Now that the new GCSE history (9-1) specifications have nearly all been accredited, it is time to start making some hard choices. For teachers of the popular legacy OCR Modern World Course, the choices will be that bit tougher. It’s the thematic component that worries me most. There are three options. You can either do the new Migration in Britain c.1000-c.2010 or Power: Monarchy and Democracy c.1000 to 2014 or War and British Society c.790 to c.2010. So far, superficially, this does not seem to pose particular problems. Although the second one on power looks a little dull and inevitably means revisiting substantial parts of the KS3 curriculum. That leaves migration and warfare. Both have potential. That is until you read the rubric about prohibited combinations. If I wanted to teach migration and I very well might, I have, yes have to teach The Impact on Empire on Britain 1688-c.1730. This would not have been my first choice; but it turns out to be my only one! I also have to teach, yes, this is the only route, urban environments: patterns of migration which, for 2018 examination, means a study of Butetown in Cardiff.
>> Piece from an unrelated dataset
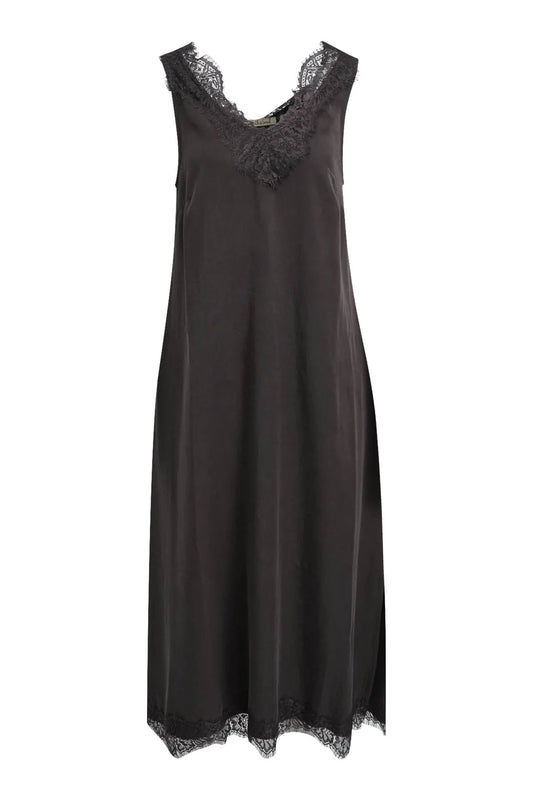 Smith&Soul – V-neck Dress with Lace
What if I go for warfare instead, making more use of some of the old legacy materials? Well, here again you have only one route. You have to study the Personal Rule to Restoration and then, rather bizarrely, castles: form and function c.1000-1750. The historic environment component obliges me to teach Framlingham castle for the first year.

When so much choice is usually available to history teachers it is somewhat ironic that in the thematic study, British depth study, and historic environment study, worth 50% combined with at there is very little choice once a route has been decided.

Elsewhere on the paper there is only one place where schools can make a personal choice and that is with the depth study. Here there are 7 options, 2 of them 20C America and nothing on the Russian Revolution. Time will tell whether schools will cover the whole of the International Relations topic which spans a whacking 83 years from 1918 to 2001 but falls short of the Iraq war.

It’ll be interesting to see the effect of the route-based approach on centre numbers. Watch this space.